From terrorist threats to hooliganism, fractured political relationships and everything in between, the tournament has been marred in controversies since it was awarded to Moscow.
In the summer of 2016, amongst the bustle and excitement of the European championships, a chorus of “God save the Queen” echoed through the cobbled streets of Marseille. A group of English fans had gathered, with their voices tinged with a drunken slur, to support their country. The song was soon replaced by cries of anguish and fury. A group of Russian ultras had laid siege on the English, resulting in the arrest of 20 and injuring a further 35.
This was almost two years ago, and the relationship between the Russians and several of the countries taking part in the Worl Cup has only worsened, with claims of Russia having gained the chance to host the tournament by underhanded means, along with several non-footballing reasons.
Thus, although every fan and player alike will be waiting eagerly for the World Cup to kick-off at the Kazan Arena in June, there will also be a lingering apprehension and fear of just how potentially unstable this edition of the quadrennial competition could be.
The Russian Ultras have made it clear that the English fans are not welcome in the country
The Russian ultras have started their preparations with several of them having taken to a native social media site, Vkontakte (VK) to post threats to opposition fans, by claiming to have started “Operation Mundial”. The situation has escalated to such seriousness that the FA has issued warnings to the English fans who will be travelling to Russia in support of their team.
As such, The Russian authorities will likely have to over-police games and surrounding areas in an attempt to maintain a modicum of peace and order during the tournament.
Yet another factor that may affect the atmosphere at the games is the potential boycott of the competition by dignitaries from various countries such as England and Iceland. The dignitaries of Iceland have confirmed their absence form the World Cup in response to Britain’s accusations that the Kremlin had orchestrated a nerve-agent attack on former Russian spy, Sergei Skripal and his daughter, while simultaneously endangering the lives and health of 130 people in the city of Salisbury in England. The boycott of the tournament will likely offend the Russian public and prompt protests and violence.
The rumours that narcotics would be allowed into the stadiums during the tournament also started gathering steam in March this year. It was later clarified that supporters would be allowed to carry a vast range of narcotics with them into the stadiums, ranging from marijuana to cocaine, provided that the drugs were prescribed with an official doctor’s note and were in their original packaging.

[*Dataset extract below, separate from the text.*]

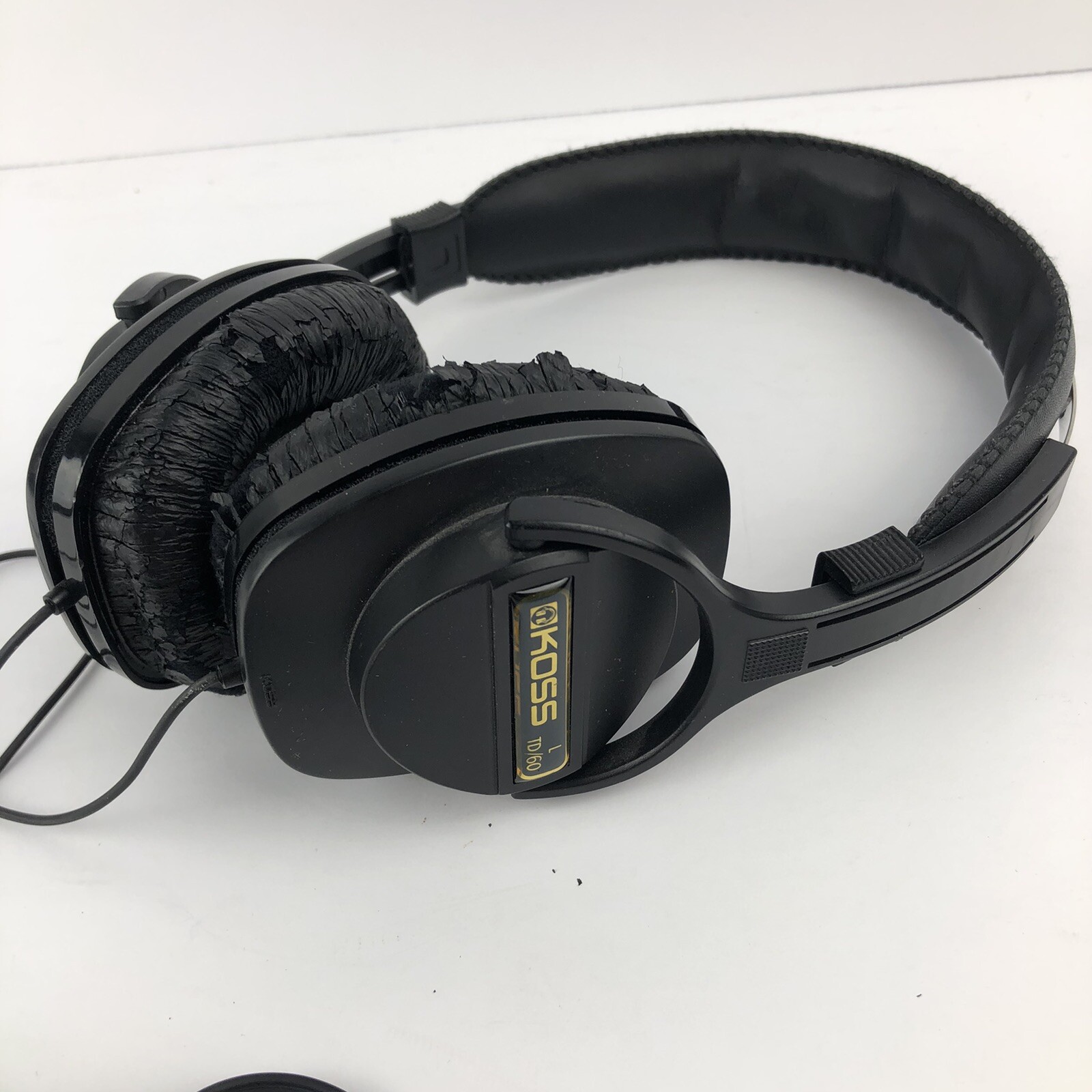 Koss TD/60 Over Ear Muffs Headphones Professional Stereophones Wired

However, the very presence of such substances at the competition will pose a threat to the fans in the stands and could well make a bad situation much worse.
Furthermore, the radical Islamic organization, ISIS has also issued threats to the countries and the fans travelling to the competition with several Pro-ISIS pages posting threatening messages and even posters of the likes of Cristiano Ronaldo, Lionel Messi and Neymar being beheaded.

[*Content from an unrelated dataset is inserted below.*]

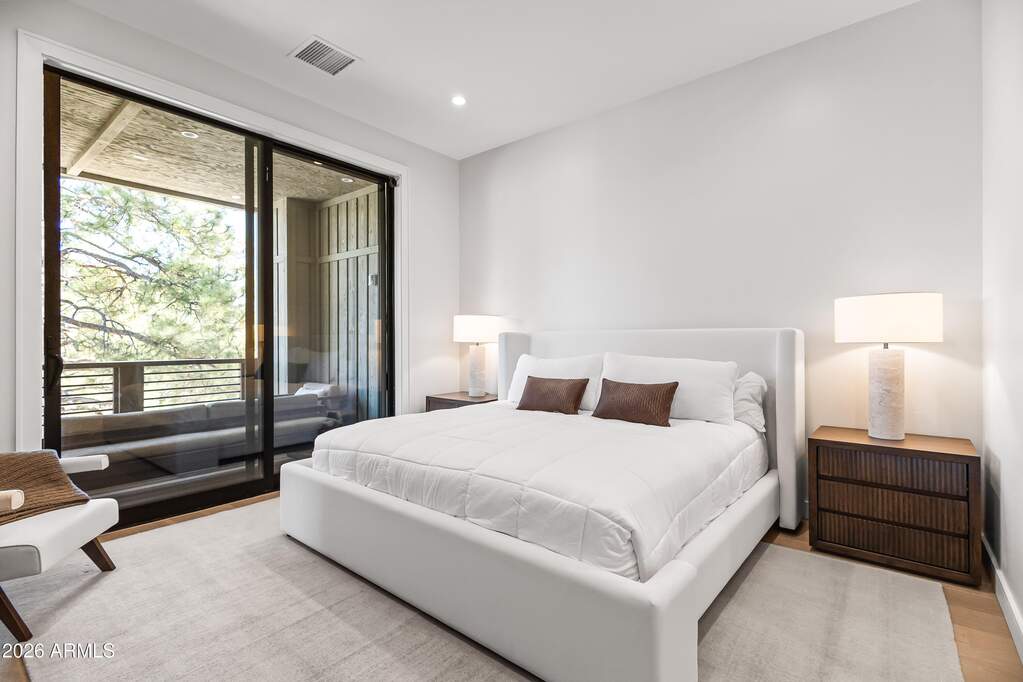 3 Bedroom Villa/Townhouse's Image 5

This wouldn’t be the first time IS have attacked a city hosting a major footballing event as we cast our minds back to the horrors of the attack in Paris in 2015. The authorities will have to maintain constant vigil to ensure that nothing of the type takes place at the World Cup.
Football hooliganism has been an ugly face of competitive football ever since its inception, with the English being its primary exponents for several years. However, this time they might well find themselves facing the brunt of the hooliganism thanks to threats issued by Russian Ultras that they should visit the country at their own peril.
The World Cup is the pinnacle of the footballing life of players and fans alike. Through the years it has brought us eternal moments, moments that we can tell future generations of. However, football on its own does so much more. The game transcends the colour of our skin, the language we speak or where we’re from.
It can save a young life, it can bring warring soldiers to a truce, it unites the world. We pray that this edition of the World Cup is remembered for the game alone and for all the good that it does, rather than the circumstances that it is being played under. We at Khel Now wish all the fans who will be in the stadiums all the safety and happiness the beautiful game can bring.